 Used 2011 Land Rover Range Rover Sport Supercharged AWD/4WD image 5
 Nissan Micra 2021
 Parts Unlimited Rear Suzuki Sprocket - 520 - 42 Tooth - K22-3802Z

☆ ☆ ☆ ☆

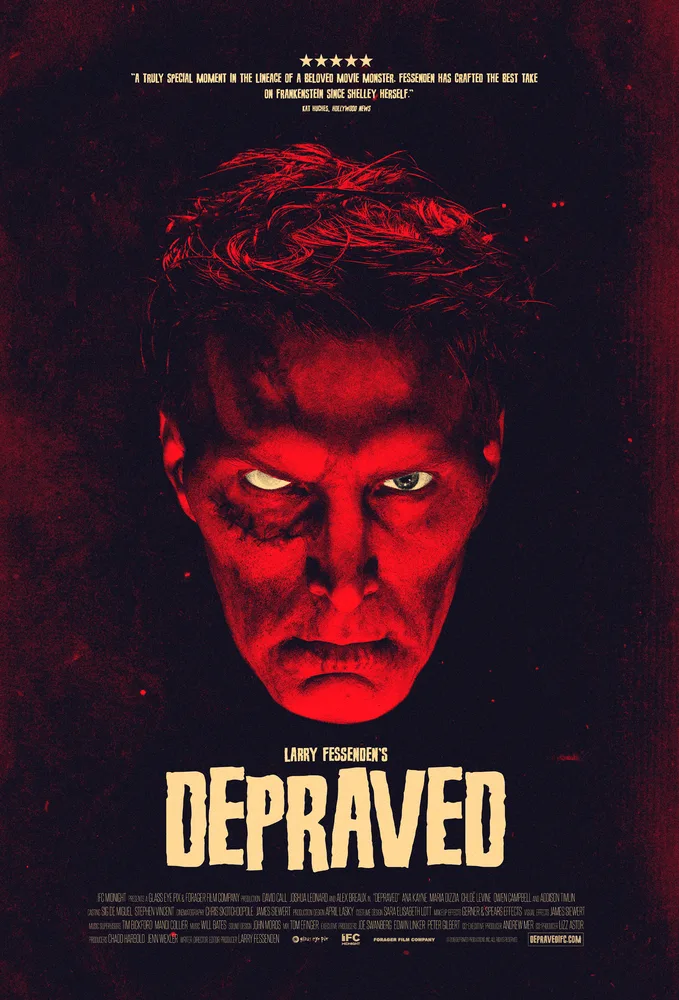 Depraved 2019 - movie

☆ ☆ ☆ ☆

▸ **What you should do**:
Within the data above, the span starting at the line containing "Used 2011 Land" and ending at the line containing "Parts Unlimited Rear" is to be retyped exactly, with no other lines.

▸ **Your response**:
 Used 2011 Land Rover Range Rover Sport Supercharged AWD/4WD image 5
 Nissan Micra 2021
 Parts Unlimited Rear Suzuki Sprocket - 520 - 42 Tooth - K22-3802Z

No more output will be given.